On top of that Mint is intelligent enough to guess what categories your spending belong to based on where the transaction occurred, so a payment to my mortgage is automatically assigned the category of ‘Mortgage/Rent’. This also applies to your credit card transactions if you link those in, so a charge to ‘Chapters/Indigo’ shows up as ‘Shopping, Books’. While this system isn’t perfect it does get the majority of the items correctly assigned. You can also change the category for those expenses that Mint can’t figure out.
Getting started is damn easy, add your accounts access and then your assets (like house value) and see what Mint spits out. I loaded everything up in less than an hour (which included some issues on my end). You might have to correct a few things, but generally it will load the last two months fairly correct when you start. Then you can track your spending by categories as well as income and net worth. Using the ‘Trends’ section lets you graph your little heart out and even export data if you want.
There is also a section on budgets to help guide your spending by category if you would like to load that information and tracking as well. I haven’t use this much yet.
Yet despite all this usefulness Mint Canada does have a few issues that you might want to know about. First off you can’t add manual or fake transactions to complete your net worth if you are missing an particular bank. So that prevents you from loading previous data that you might personally already have. There is a bit of a work around you can manage by adding an extra asset with the value of that account to get your full net worth.
The other quirk I came across was the fact when dividends show up in my investment accounts that doesn’t show up as income. I had to create a new income category to allow tracking of that. Odd, but easily fixed. Also joint accounts will tend to show up twice, which means you will need to exclude a particular account from showing up twice in Mint.

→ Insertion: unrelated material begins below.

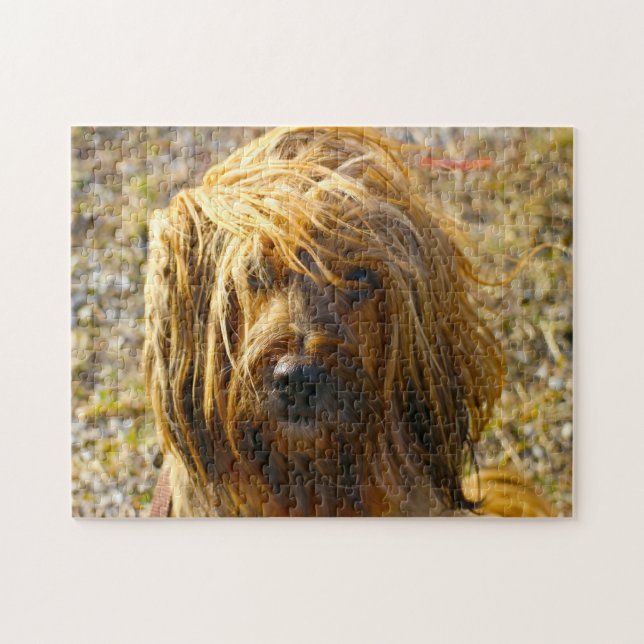 Tibetan Terrier Dog Jigsaws. Jigsaw Puzzle (Horizontal)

Overall I’m thrilled with the time saving nature of Mint Canada, it makes tracking expense and income very easy and saves a lot of work with spreadsheets that people tend to do manually. It does have a few odd things that you might need to work around, but overall it works for my needs and I’m happy I finally signed up. I only wish I would have started using it back in November of last year so I would have more data.
So do you use Mint Canada, what did you think? Or if you don’t, would you try it?